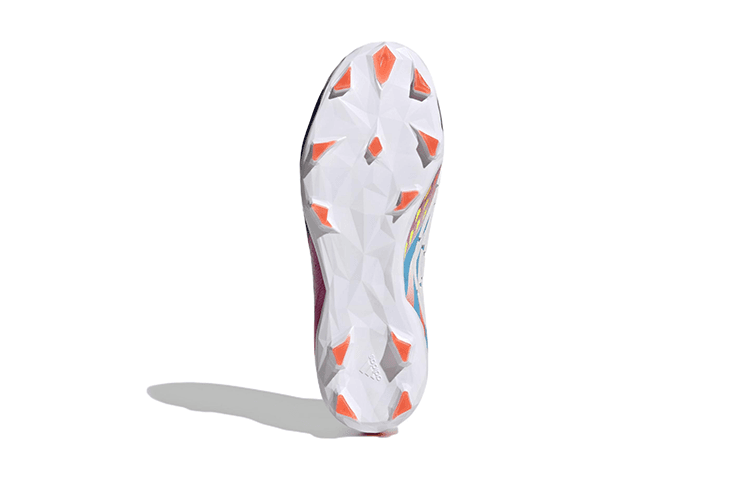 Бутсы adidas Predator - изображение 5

------------------------------------------------------------------------

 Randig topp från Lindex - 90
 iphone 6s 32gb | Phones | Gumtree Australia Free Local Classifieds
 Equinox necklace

------------------------------------------------------------------------

Assignment - Given the records above, restate word for word only the lines starting at the one with "Randig topp från Lindex - 90" and ending at the one with "Equinox necklace".

Result -
 Randig topp från Lindex - 90
 iphone 6s 32gb | Phones | Gumtree Australia Free Local Classifieds
 Equinox necklace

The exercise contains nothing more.